··· Task data

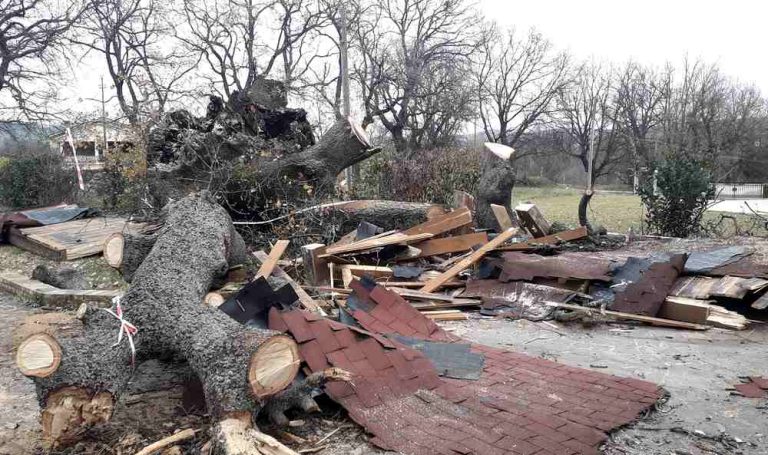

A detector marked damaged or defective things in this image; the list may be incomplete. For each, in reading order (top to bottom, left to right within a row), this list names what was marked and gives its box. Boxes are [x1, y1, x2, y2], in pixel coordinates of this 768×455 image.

broken wooden plank [402, 208, 474, 237]
broken wooden plank [492, 206, 516, 232]
broken wooden plank [516, 204, 552, 239]
splintered board [0, 272, 120, 308]
splintered board [9, 219, 146, 262]
broken wooden plank [255, 240, 292, 280]
broken wooden plank [252, 249, 320, 314]
broken wooden plank [298, 244, 328, 286]
broken wooden plank [320, 232, 436, 256]
broken wooden plank [408, 233, 486, 258]
broken wooden plank [420, 228, 520, 296]
broken wooden plank [496, 228, 592, 253]
broken wooden plank [544, 302, 712, 332]
broken wooden plank [656, 298, 712, 326]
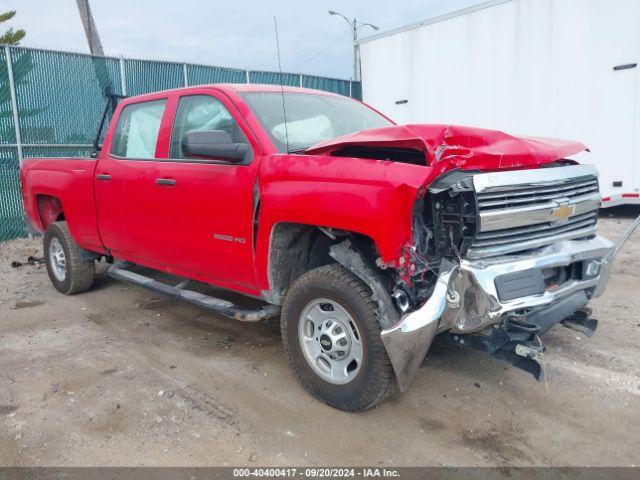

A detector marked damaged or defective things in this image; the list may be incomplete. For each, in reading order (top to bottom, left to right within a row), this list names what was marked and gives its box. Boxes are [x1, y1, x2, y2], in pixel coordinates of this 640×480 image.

crumpled hood [304, 124, 584, 171]
cracked bumper cover [380, 234, 616, 392]
damaged front end [382, 163, 636, 392]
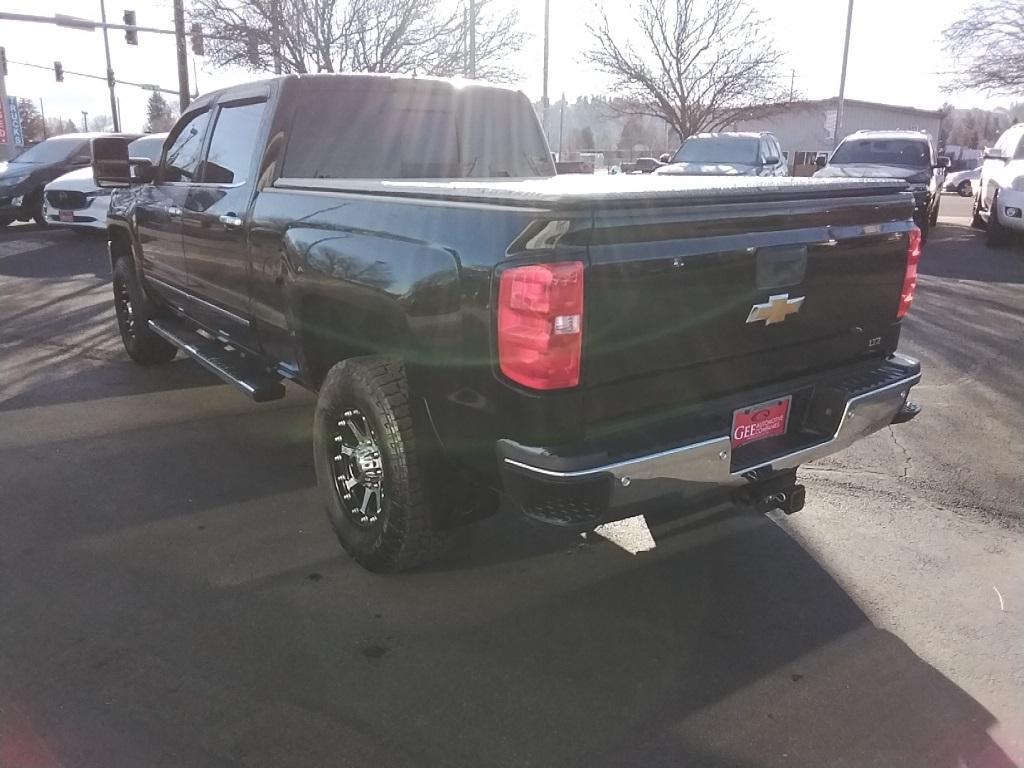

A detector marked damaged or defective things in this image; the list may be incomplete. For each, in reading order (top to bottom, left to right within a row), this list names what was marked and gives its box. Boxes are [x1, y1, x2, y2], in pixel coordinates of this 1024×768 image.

cracked asphalt [0, 199, 1019, 768]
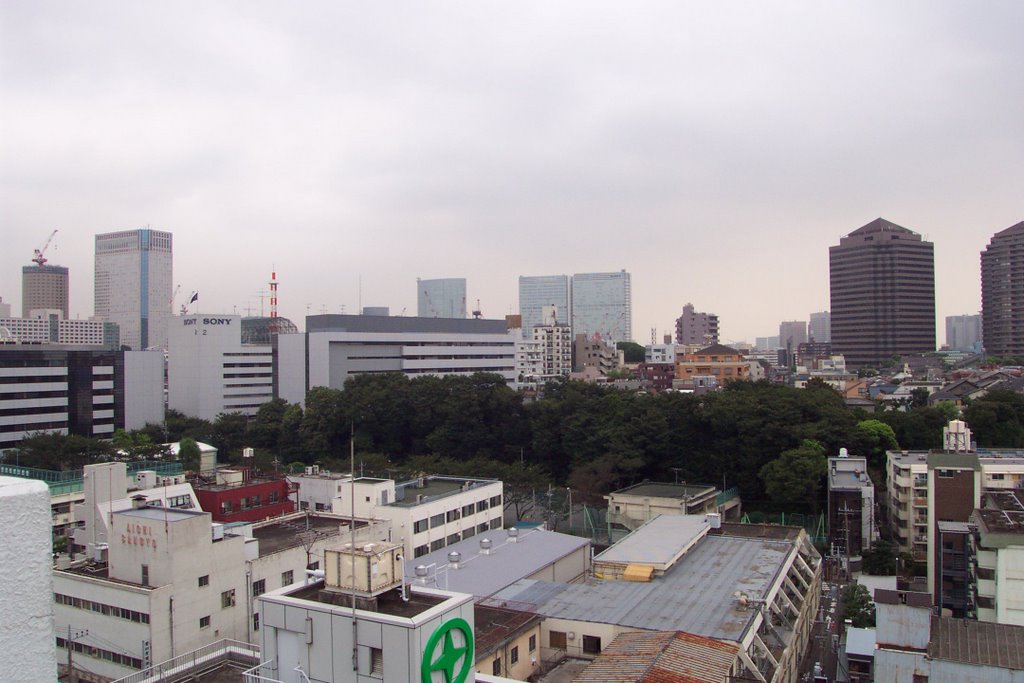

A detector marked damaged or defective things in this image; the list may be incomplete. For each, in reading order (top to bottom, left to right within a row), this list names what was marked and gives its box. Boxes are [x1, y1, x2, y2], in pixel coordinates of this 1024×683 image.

rusty metal roof [573, 630, 741, 683]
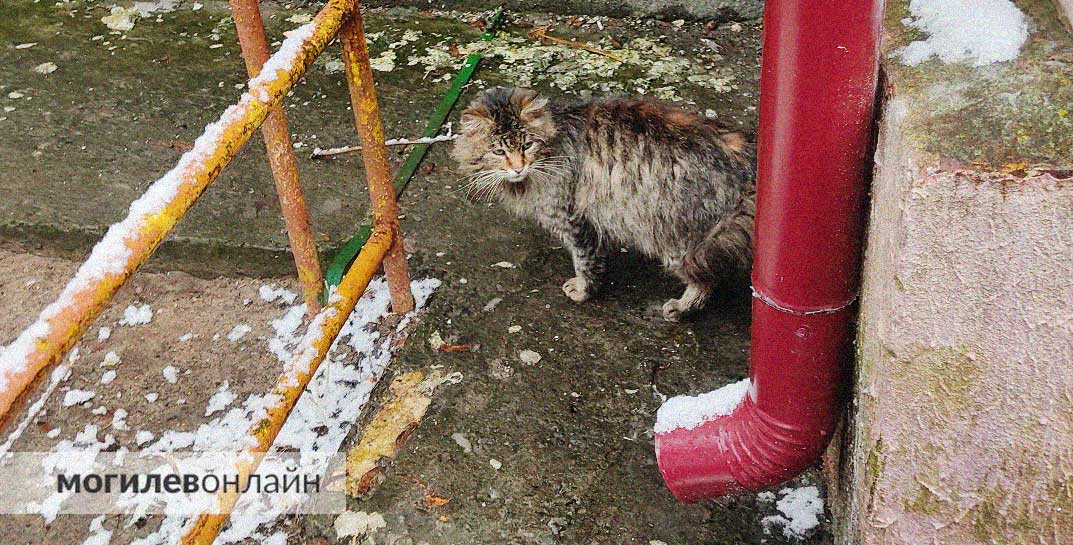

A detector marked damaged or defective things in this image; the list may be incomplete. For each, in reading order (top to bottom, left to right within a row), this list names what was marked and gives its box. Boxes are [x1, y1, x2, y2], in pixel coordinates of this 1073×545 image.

rusty metal railing [0, 0, 414, 540]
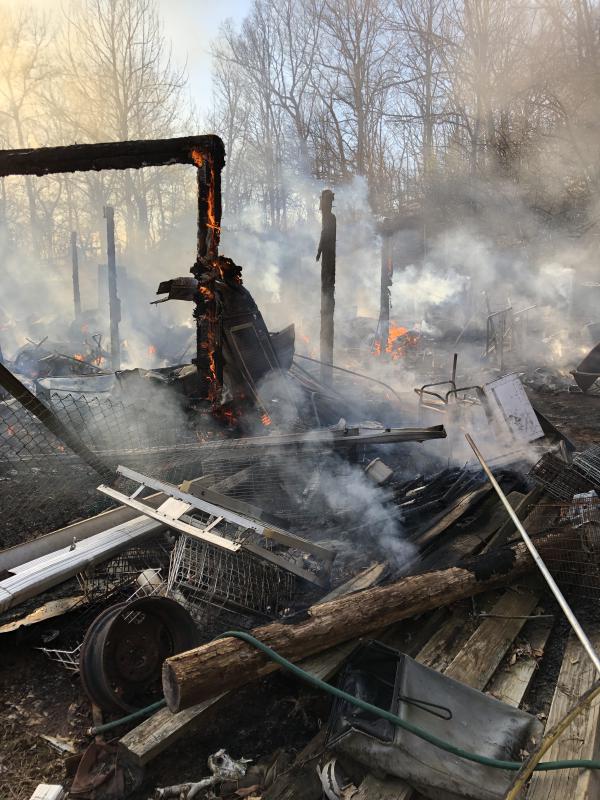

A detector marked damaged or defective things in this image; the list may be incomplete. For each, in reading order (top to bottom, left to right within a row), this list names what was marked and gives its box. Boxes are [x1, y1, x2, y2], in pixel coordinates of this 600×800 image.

horizontal burnt beam [0, 135, 225, 177]
charred post stump [103, 205, 121, 370]
charred post stump [316, 191, 336, 384]
charred post stump [161, 532, 572, 712]
charred wooden beam [163, 532, 572, 712]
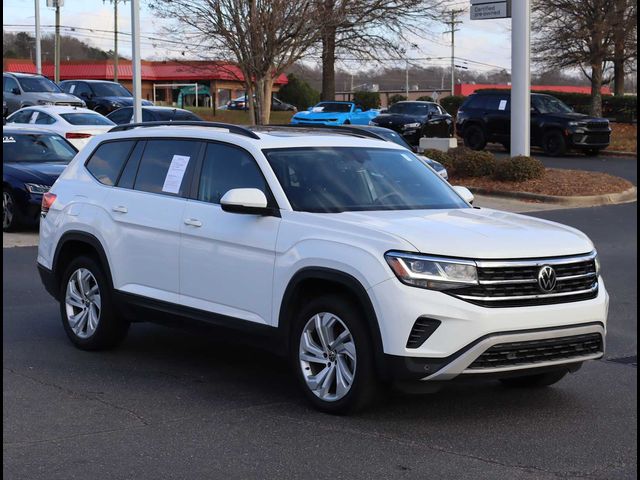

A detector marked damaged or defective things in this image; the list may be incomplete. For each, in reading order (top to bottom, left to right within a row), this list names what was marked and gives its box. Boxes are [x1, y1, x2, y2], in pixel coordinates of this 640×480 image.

pavement crack [3, 370, 149, 426]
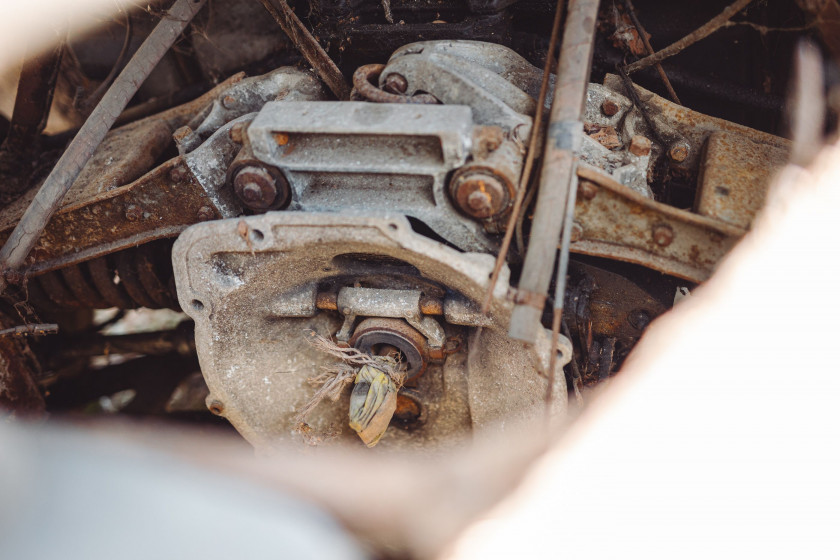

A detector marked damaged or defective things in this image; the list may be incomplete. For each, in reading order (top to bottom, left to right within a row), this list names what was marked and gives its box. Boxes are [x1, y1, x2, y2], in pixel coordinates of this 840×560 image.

rusted steel rod [624, 0, 756, 75]
rusted steel rod [256, 0, 348, 99]
rusty metal component [254, 0, 350, 99]
corroded bolt [382, 72, 408, 93]
corroded fastener [382, 72, 408, 93]
rusty metal component [352, 65, 440, 105]
corroded bolt [600, 99, 620, 116]
corroded fastener [600, 99, 620, 116]
rusted steel rod [0, 0, 208, 294]
rusty metal component [0, 0, 209, 298]
corroded bolt [632, 133, 648, 155]
corroded fastener [632, 133, 648, 155]
rusty metal component [628, 134, 652, 155]
corroded bolt [668, 141, 688, 163]
corroded fastener [668, 142, 688, 162]
corroded bolt [169, 164, 187, 184]
rusty metal component [508, 0, 600, 344]
rusted steel rod [508, 0, 600, 346]
corroded bolt [450, 171, 508, 219]
corroded bolt [576, 180, 596, 200]
corroded bolt [125, 203, 142, 221]
corroded fastener [124, 203, 143, 221]
rusty metal component [576, 164, 744, 282]
corroded fastener [652, 222, 672, 246]
corroded bolt [648, 224, 676, 246]
rusty metal component [175, 212, 576, 452]
rusty metal component [350, 318, 430, 378]
corroded bolt [208, 398, 225, 416]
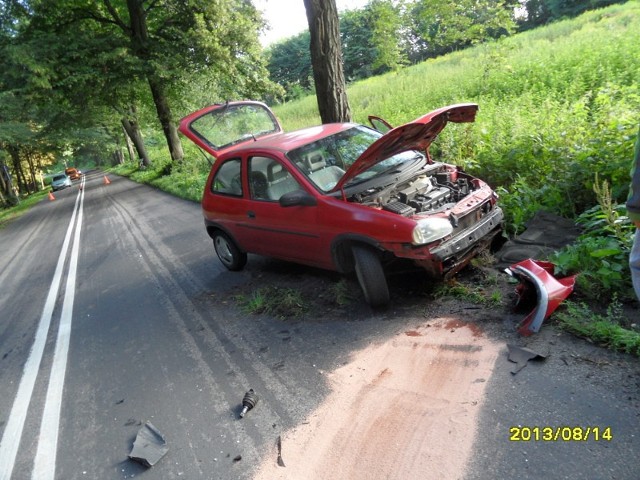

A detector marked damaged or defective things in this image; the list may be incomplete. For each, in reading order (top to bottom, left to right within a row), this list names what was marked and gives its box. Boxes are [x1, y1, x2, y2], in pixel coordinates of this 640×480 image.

damaged red hatchback [178, 101, 502, 308]
broken bumper piece [508, 260, 576, 336]
detached red bumper [508, 260, 576, 336]
crumpled front end [508, 260, 576, 336]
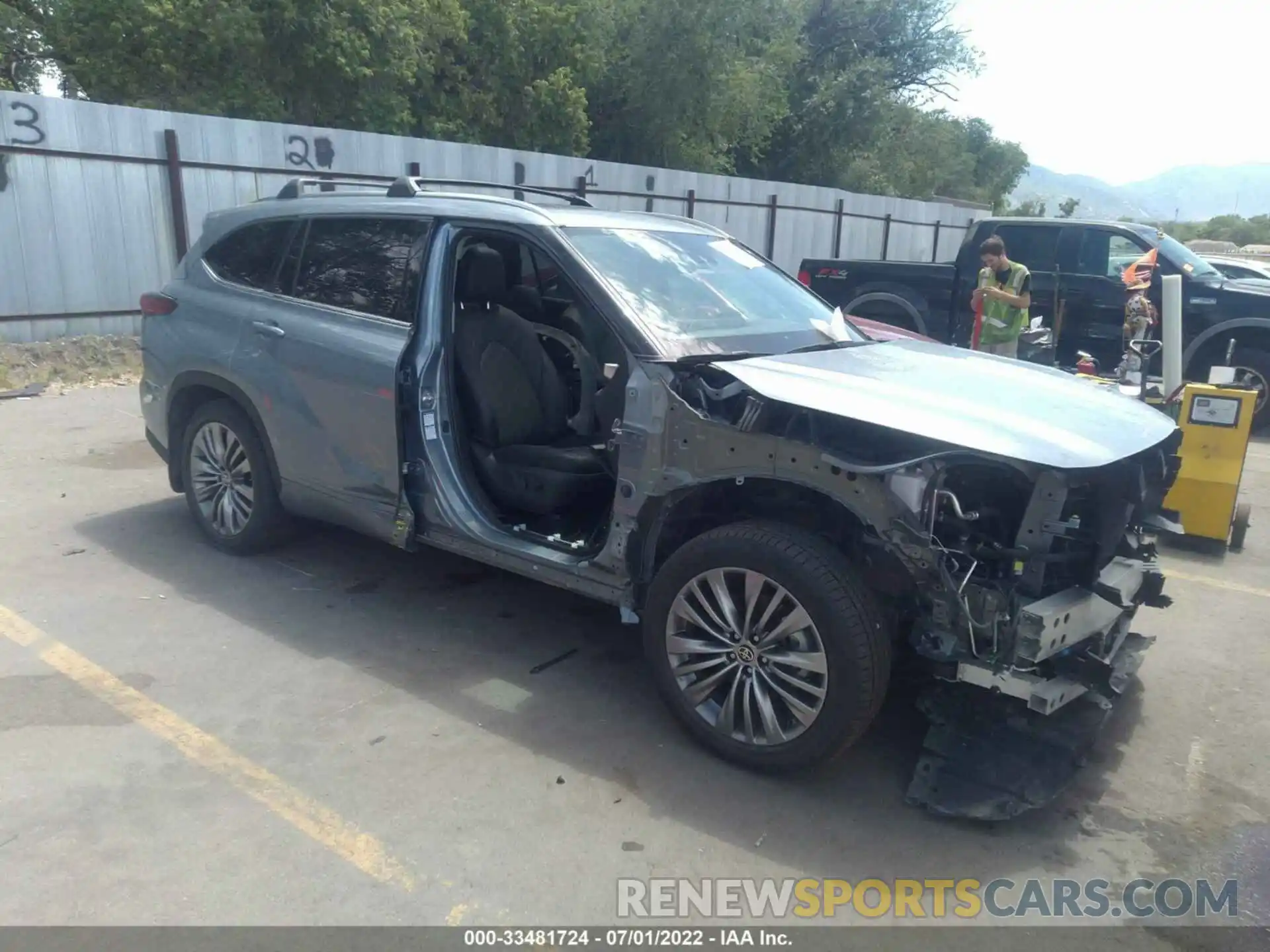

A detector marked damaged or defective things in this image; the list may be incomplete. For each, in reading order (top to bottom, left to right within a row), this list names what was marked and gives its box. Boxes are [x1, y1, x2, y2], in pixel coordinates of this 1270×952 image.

damaged silver suv [139, 178, 1178, 822]
crumpled hood [721, 340, 1173, 472]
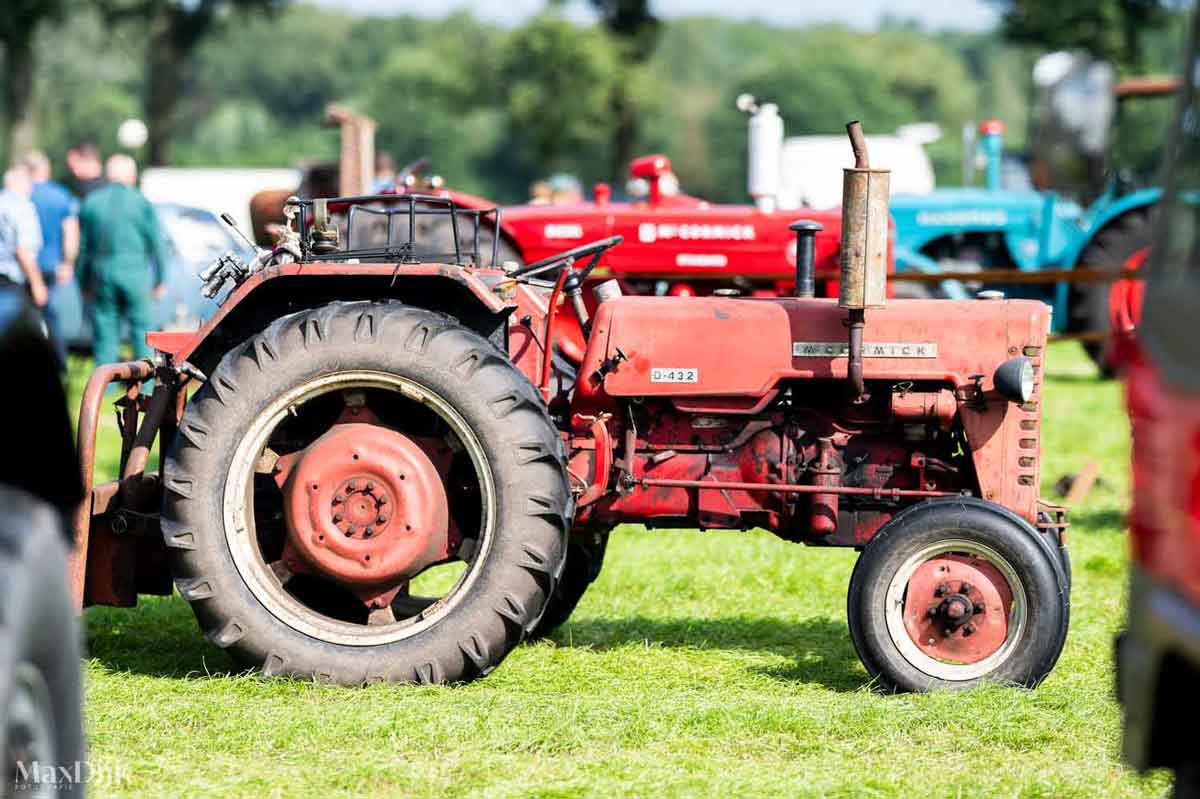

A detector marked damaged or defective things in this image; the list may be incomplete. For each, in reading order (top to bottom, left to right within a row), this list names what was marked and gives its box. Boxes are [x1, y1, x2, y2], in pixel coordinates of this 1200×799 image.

rusty muffler [844, 119, 892, 398]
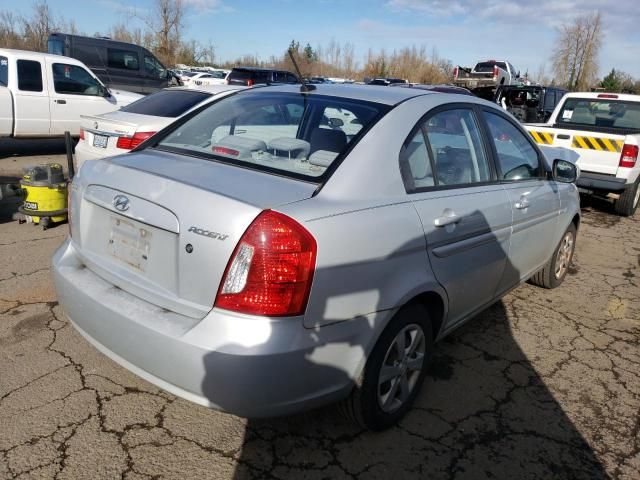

······

Print the lines from the one holding "this 1270×952 image." through the last line of the records, word for word, and omit the pictures.

A detector marked damaged or defective things in this image; the list may be incomplete. For each, in reading order (top to bottom, left to right within a row), this list names what was marked and gives its box. Boxes are [x1, y1, x2, y2], in pixel coordinates of this 1270×952 image.

damaged silver suv [139, 178, 1178, 822]
crumpled hood [721, 340, 1173, 472]

A detector marked damaged or defective things in this image; the list may be incomplete. For each, in reading order (top to bottom, left to right within a row), this list names what was marked and gives its box. Boxes are [x1, y1, x2, y2], in pixel coordinates of this 1200×799 image.

rusty muffler [844, 119, 892, 398]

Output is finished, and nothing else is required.